Researchers from London’s Natural History Museum and the University of Glasgow, in Scotland, studied a meteorite found in the town of Winchcombe, Gloucestershire, to discover it contained water similar to that found on Earth.
“It’s a crystal clear window into our early solar system,” Luke Daly, co-author of the study and a lecturer in planetary geoscience at the University of Glasgow, told CNN Thursday.
Published in the journal Science Advances on Wednesday, the study reveals that extraterrestrial rocks may have brought vital chemical components – such as water – to our planet billions of years ago, establishing the oceans and all life on Earth.
Approximately 71% of the Earth’s surface is covered in water, with oceans holding about 96.5% of all water, according to the US Geological Survey.
Imaging and chemical analysis of the Winchcombe meteorite – as it has become known – revealed it contains around 11% water and 2% carbon by weight, making it the first of its kind found in the UK.
The team, which measured the ratio of hydrogen isotopes in the water, found that it closely resembled the composition of water on Earth, according to a press release from the Natural History Museum.

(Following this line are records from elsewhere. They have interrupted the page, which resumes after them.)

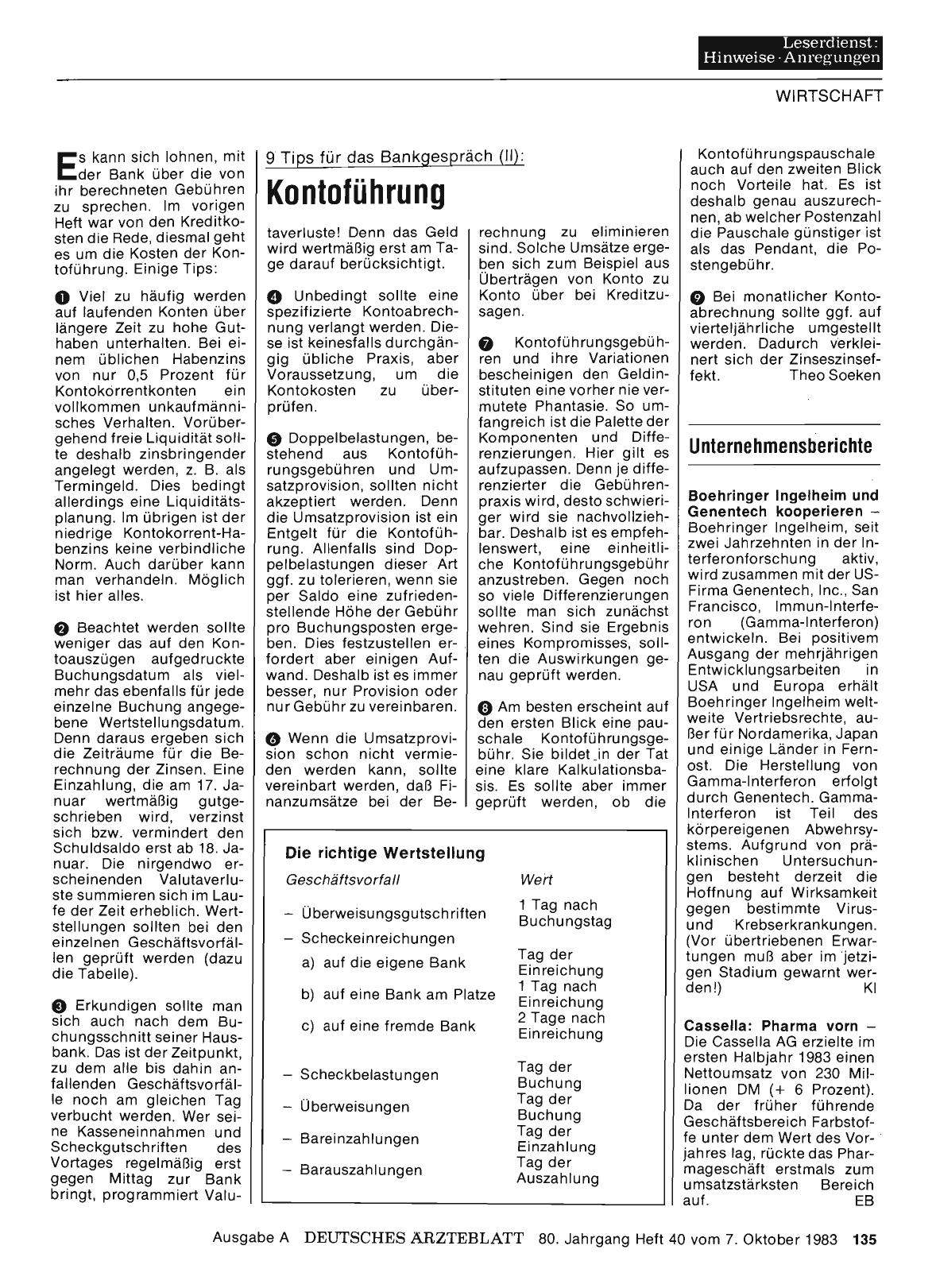 Vorschauseite 1: 9 Tips für das Bankgespräch (II): Kontoführung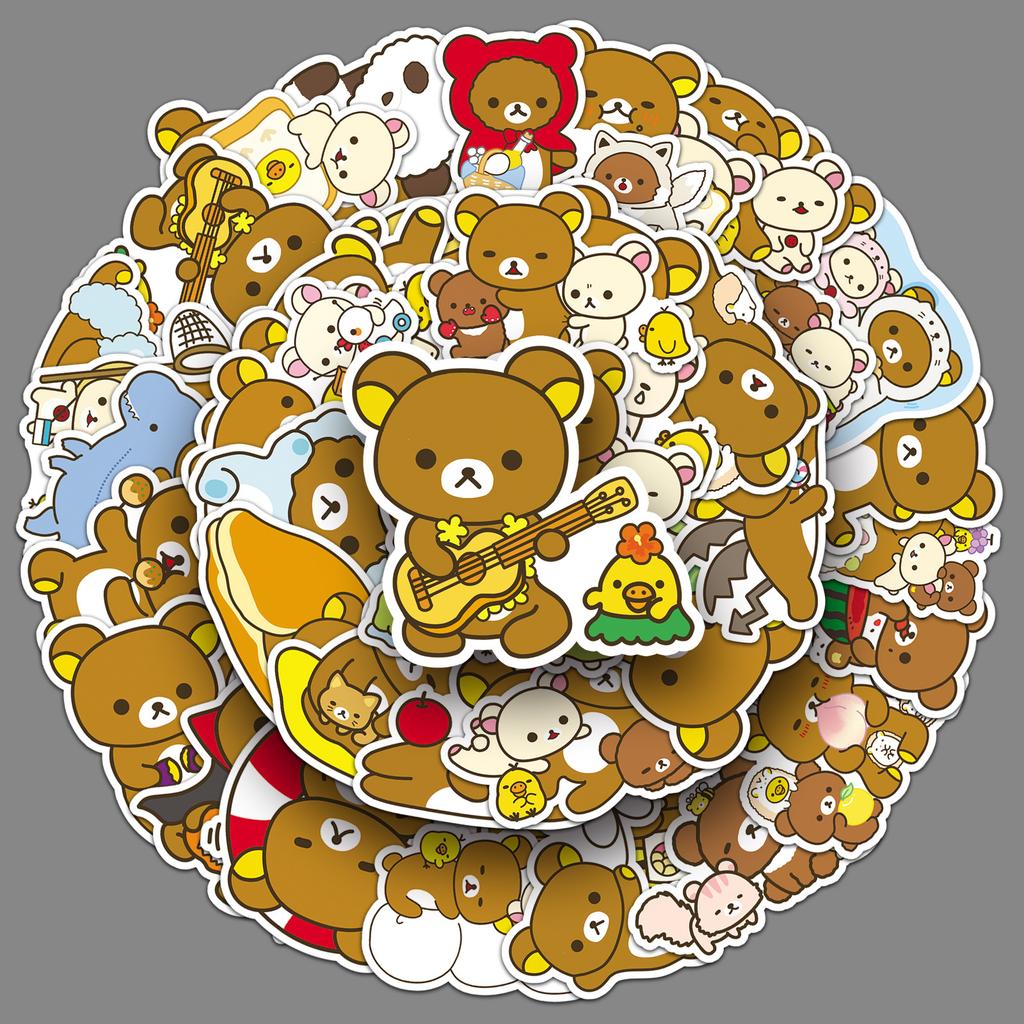 50 Pieces of Relaxed Bear Graffiti Stickers Cartoon Cute Gucka Decorative Mobile Phone Case Skateboard Water Cup Creative Stickers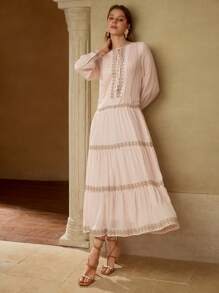 MOTF PREMIUM 荷叶边下摆结饰连衣裙 - 粉色 - 查看 5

Extracts from the rock also found extraterrestrial amino acids, making it the strongest evidence that water and organic material were delivered to the planet by asteroids like the one Winchcombe broke away from.
The meteorite was identified as a CM carbonaceous chondrite, a type of stony meteorite that contains a high composition of components that predate the solar system.
Recovered within 12 hours of its landing with the aid of the UK Fireball Alliance, an organization which aims to recover freshly-fallen meteorites in the UK, it had very little time to be altered by the Earth’s atmosphere.
“We know (this means) everything inside it is 100% extraterrestrial including the 11% water it contains,” Daly said.
“Most CM chondrites have ‘Earth-like’ water but these rocks alter and degrade within days (or) weeks of being on Earth, and so they could just be Earth-like because they have absorbed rain water or something,” he explained.
Natasha Almeida, curator of meteorites at the Natural History Museum and study co-author, said in a statement Wednesday the “incredibly fresh specimen will remain one of the most pristine meteorites in collections worldwide.”
Daly called the Winchcombe meteorite a “lucky” find. It was only the size of a basketball, so if it was traveling at a different speed or at a different angle, it would have all burnt up, he said, adding that it was a great collaboration of the UK cosmochemistry network who “came together to throw the kitchen sink at studying this rock.”
While this paper is the first of many publications that are in the works on the meteorite, Daly said it will keep them busy for years to come. “There are certainly many more stories and secrets held in this special stone,” he added.